# Short text fragments from websites:
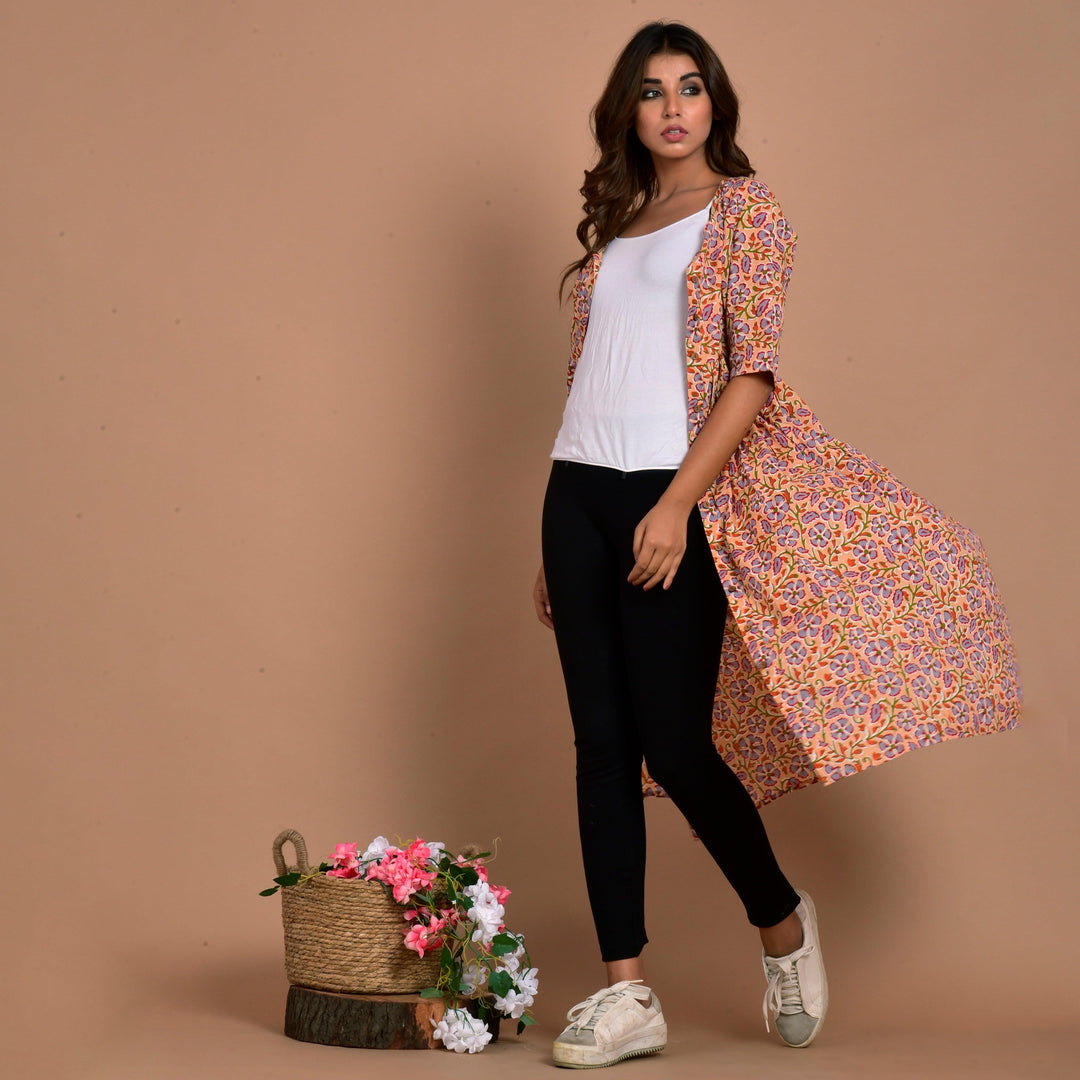 Light Peach Floral Print 3in1 Dress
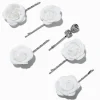 Pinces à cheveux strass fleur tulle blanches - Lot de 6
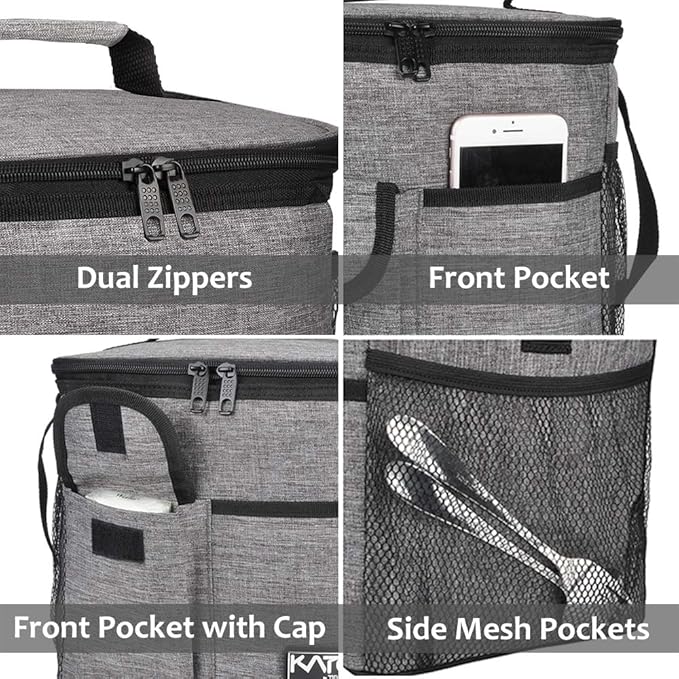 Tirrinia Large Insulated Lunch Bag for Women Men, 10L Leakproof Thermal Reusable Lunch Box for Adult, Tall Meal Prep Lunch Cooler Tote with 4 Pockets for Office Work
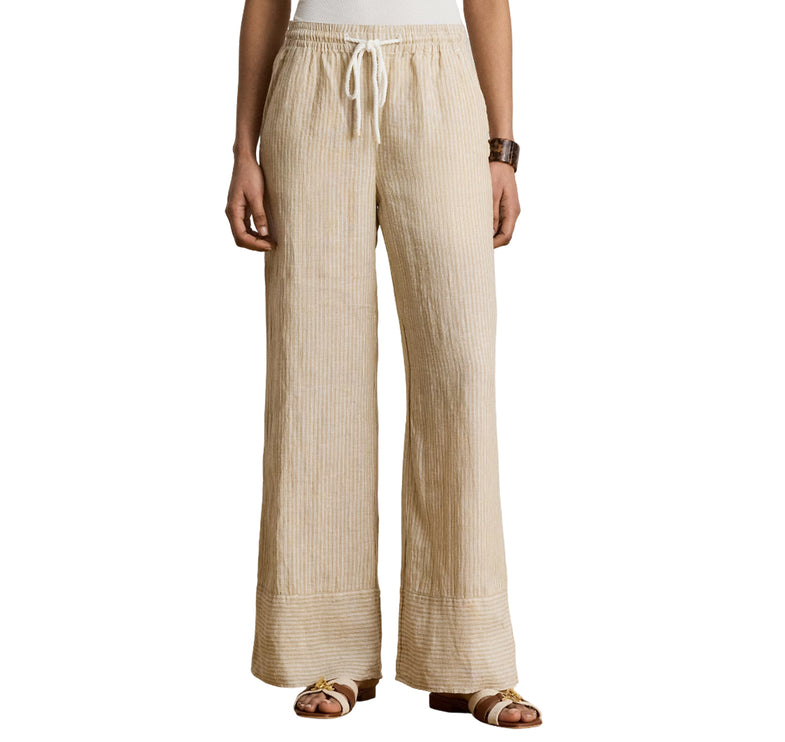 Polo Ralph Lauren Women's Striped Linen Wide-Leg Pant Tan/White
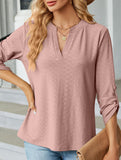 V-neck three-quarter sleeve button loose T-shirt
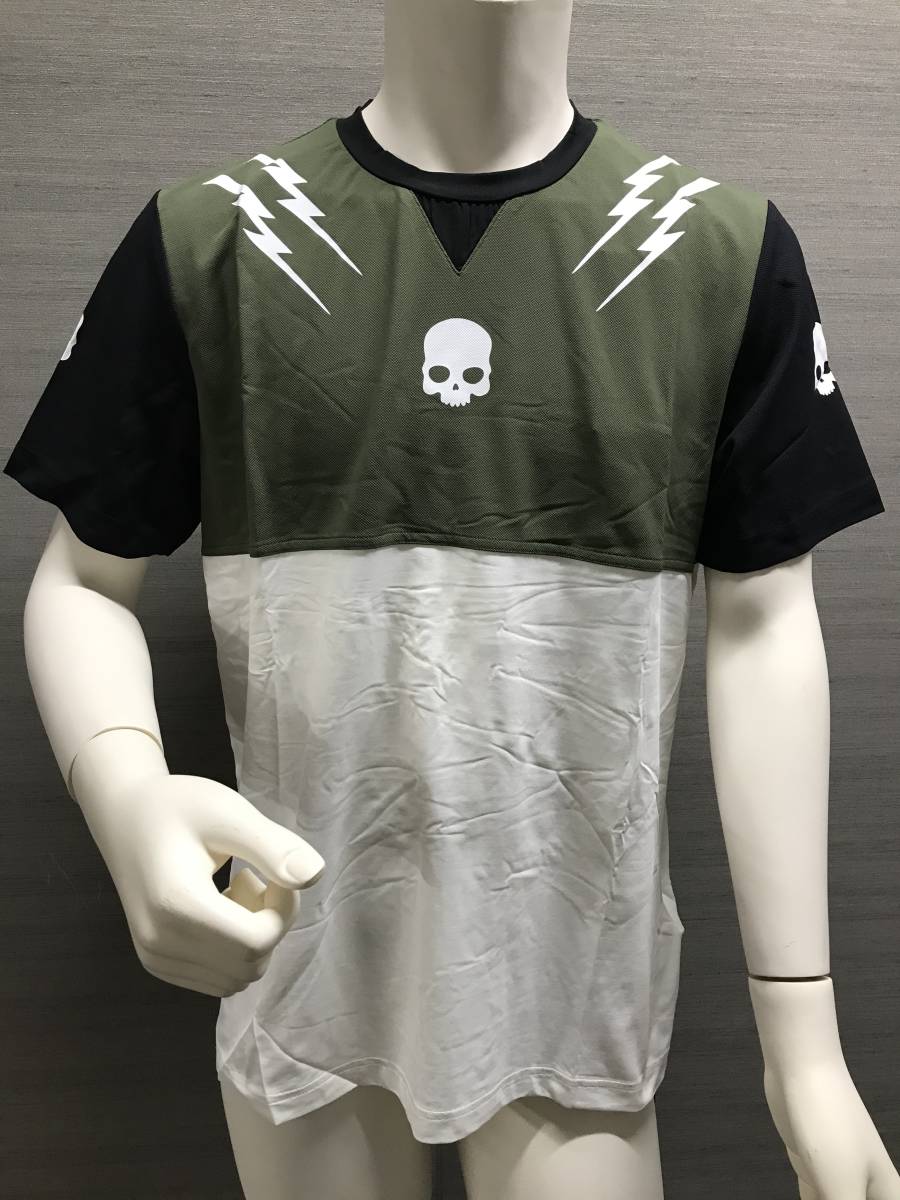 本物 新品 HYDROGEN ハイドロゲンテニスライン半袖Tシャツ FR0070 ミニタリーグリーン×白 L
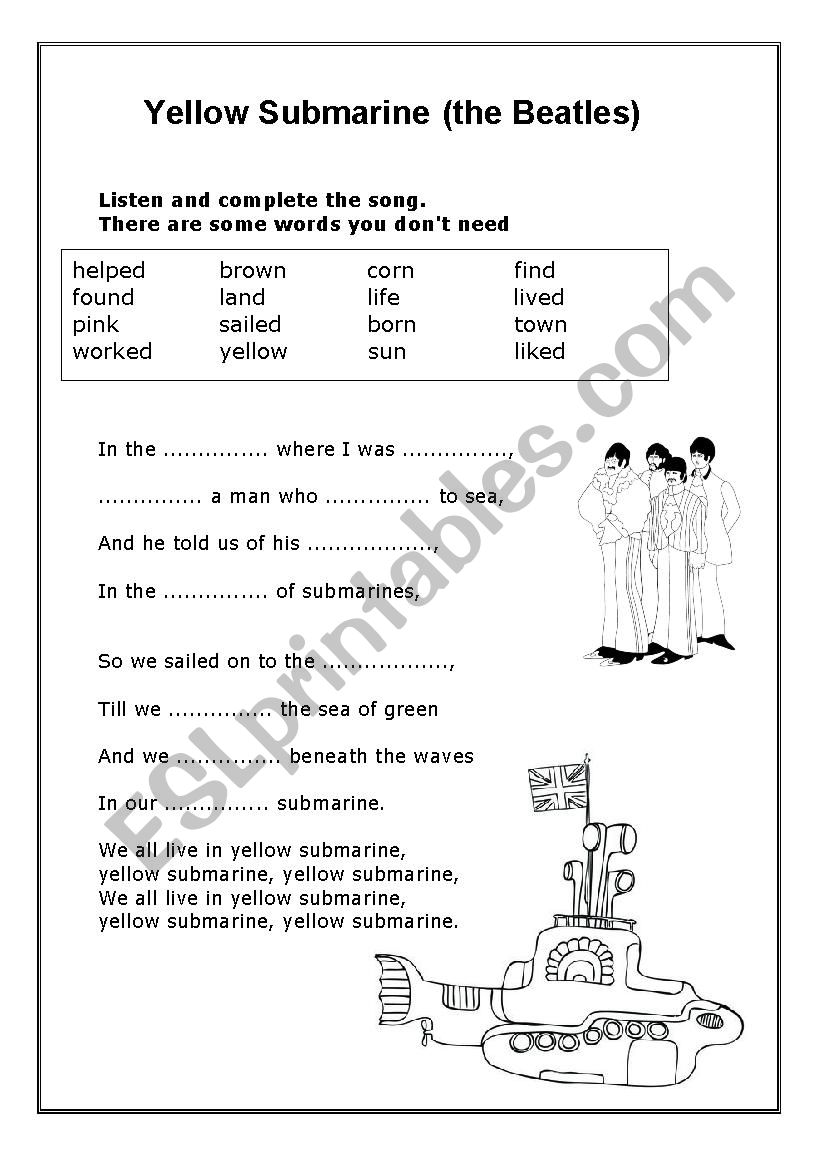 Yellow submarine worksheet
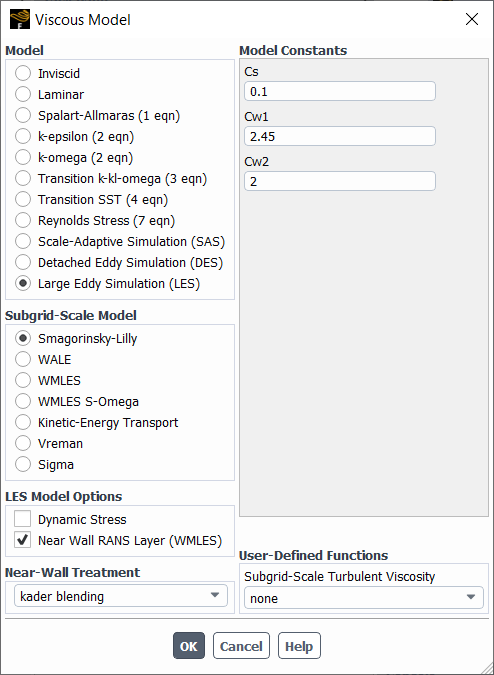 Viscous Model Dialog Box with Near Wall RANS Layer (WMLES) Enabled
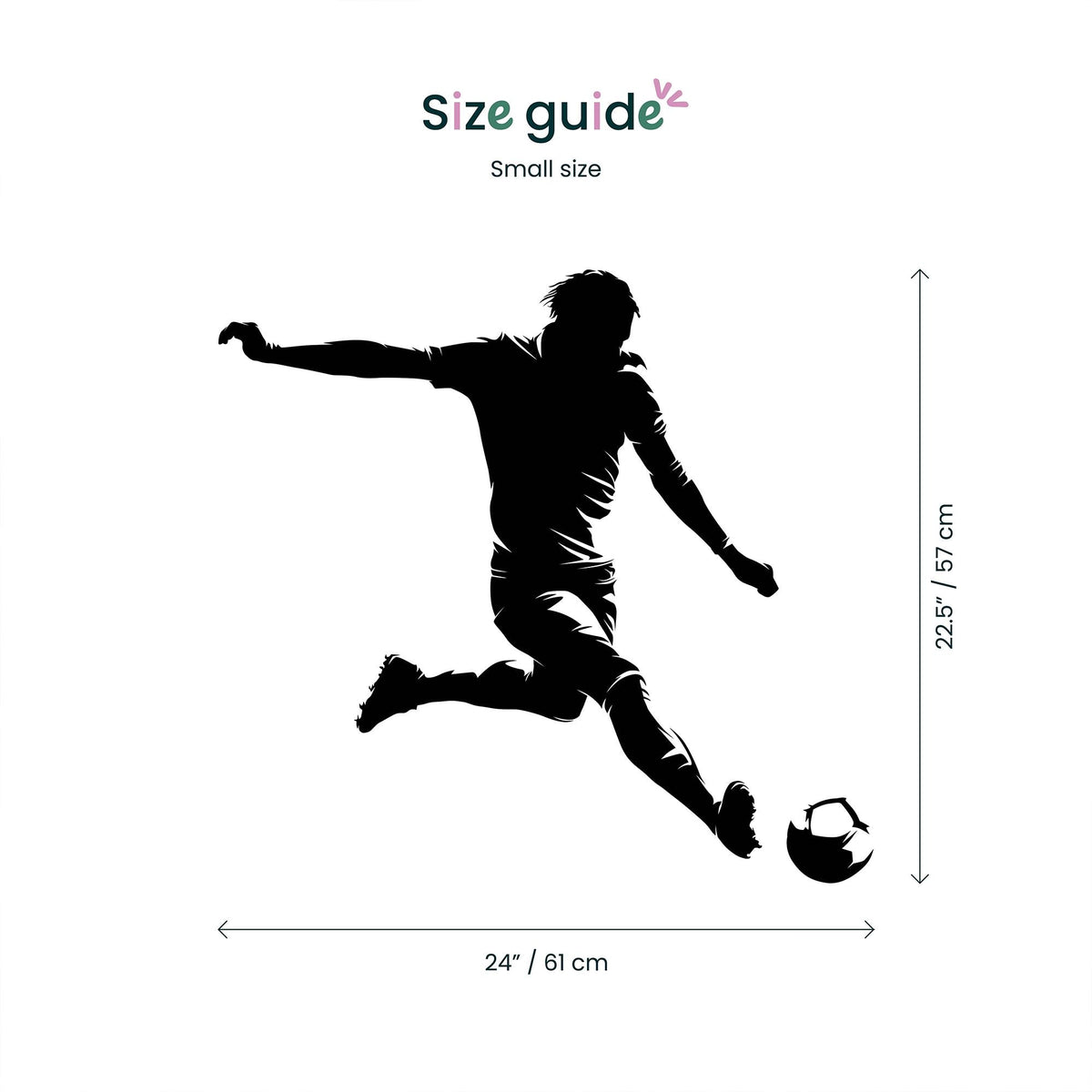 Football Player Wall Decal small size guide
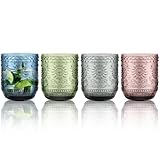 LOITTAINUE Trinkgläser Set Bunt - Gläser Set 4 Teilig 360ml Farbig Wassergläser mit Moderne Blume Geprägtem Design - Saftgläser Spülmaschinenfest für Wasser, Drink, Saft, Party, Garten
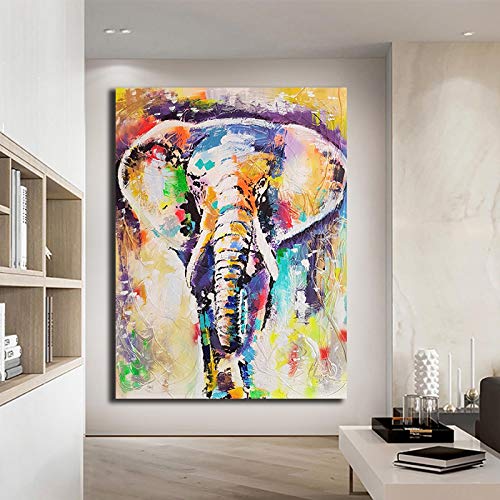 JIANGCJ Tiere auf Leinwand, Wandkunst, bunter Elefant, gemaltes Öl, Poster und Drucke, abstrakte Bilder für Wohnzimmerdekoration, 60 x 80 cm, rahmenlos von JIANGCJ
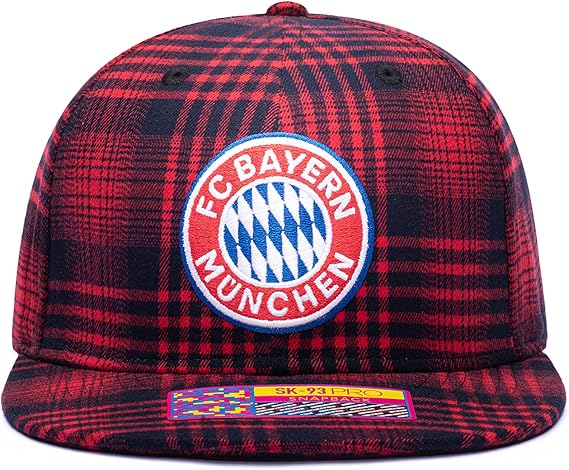 Fan Ink Bayern Munich 'Hooligan' Adjustable Snapback Hat/Cap Red/Navy Blue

# What to produce:
Output each record above word for word, leaving out images.

# Task answer:
 Light Peach Floral Print 3in1 Dress
 Pinces à cheveux strass fleur tulle blanches - Lot de 6
 Tirrinia Large Insulated Lunch Bag for Women Men, 10L Leakproof Thermal Reusable Lunch Box for Adult, Tall Meal Prep Lunch Cooler Tote with 4 Pockets for Office Work
 Polo Ralph Lauren Women's Striped Linen Wide-Leg Pant Tan/White
 V-neck three-quarter sleeve button loose T-shirt
 本物 新品 HYDROGEN ハイドロゲンテニスライン半袖Tシャツ FR0070 ミニタリーグリーン×白 L
 Yellow submarine worksheet
 Viscous Model Dialog Box with Near Wall RANS Layer (WMLES) Enabled
 Football Player Wall Decal small size guide
 LOITTAINUE Trinkgläser Set Bunt - Gläser Set 4 Teilig 360ml Farbig Wassergläser mit Moderne Blume Geprägtem Design - Saftgläser Spülmaschinenfest für Wasser, Drink, Saft, Party, Garten
 JIANGCJ Tiere auf Leinwand, Wandkunst, bunter Elefant, gemaltes Öl, Poster und Drucke, abstrakte Bilder für Wohnzimmerdekoration, 60 x 80 cm, rahmenlos von JIANGCJ
 Fan Ink Bayern Munich 'Hooligan' Adjustable Snapback Hat/Cap Red/Navy Blue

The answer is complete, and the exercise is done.